A few weeks ago a small swarm showed up in my yard. They moved into a super of extracted wet frames that had been set out for the bees to rob.
So I let them move in. I did a brief inspection after a week and saw they were clustered and busy building combs.
After two weeks I saw they had capped cells. We looked over all the bees and there was no sign of a queen. All the capped cells were bullet shaped drone cells.
I figured it was a laying worker and that the swarm may possibly have originally come from Hive #2 which did go queenless and ended up with a laying worker.
Since there were so few bees I was going to resolve the problem by doing the shake method - shake them out on the grass and walk away - let them find homes in the other hives.
They began to gather on the platform where their hive was and several workers started to do home scenting. I felt bad for them.
A couple minutes later I checked on them. They were in a cluster. And in that pile of bees I saw a caramel coloured abdomen. She was small, but she was there--a queen!
Where on earth did she come from?
Then I realized that I had just shaken them out of their home. So I quickly put everything back together. The queen jumped on my hive tool and I set her in the hive.

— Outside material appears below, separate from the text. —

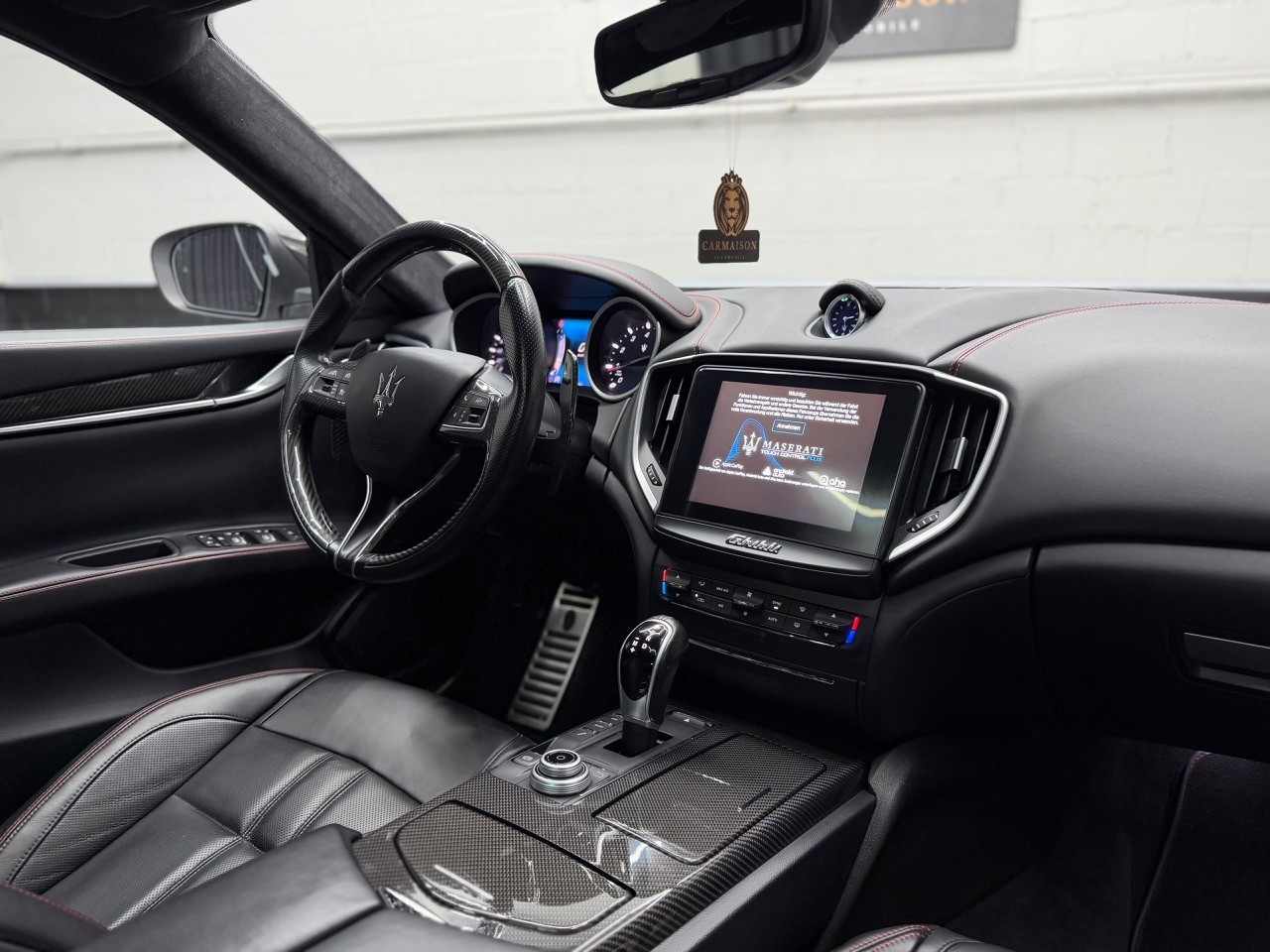 MASERATI Ghibli S Q4 3.0 V6 | Full Carbon Interieur & Exterieur | 360 Kamera | Harman/Kardon | Panoramadach-image-39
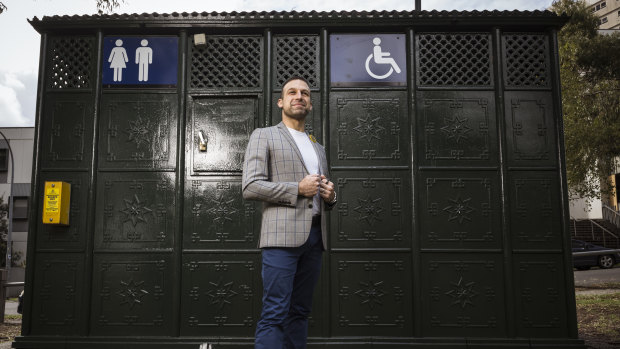 Mayoral hopeful pitches to make Melbourne flush with public toilets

Then all her workers marched inside while I stood there apologizing for the rude interruption to their day.
4 comments:
If she is only laying drones she might be infertile. I hope she is ok though :)
Yes, I agree with Sam--that was my first thought before I saw his comment. I'd watch them and see if she starts laying any workers. If not, perhaps you'd want to do a combine after removing this young queen, given the lateness of the season. I don't know if new queens start laying before they take their mating flights. You could monitor to see if she starts making workers, and if not perhaps do a combine with another hive after removing her.
Thanks Jim and Sam. I think you might be right but a second look I'm pretty certain there are worker cells but I will continue to monitor. Otherwise, a combine with another hive and squish the queen.
Oh my goodness! Glad they pulled it all back together.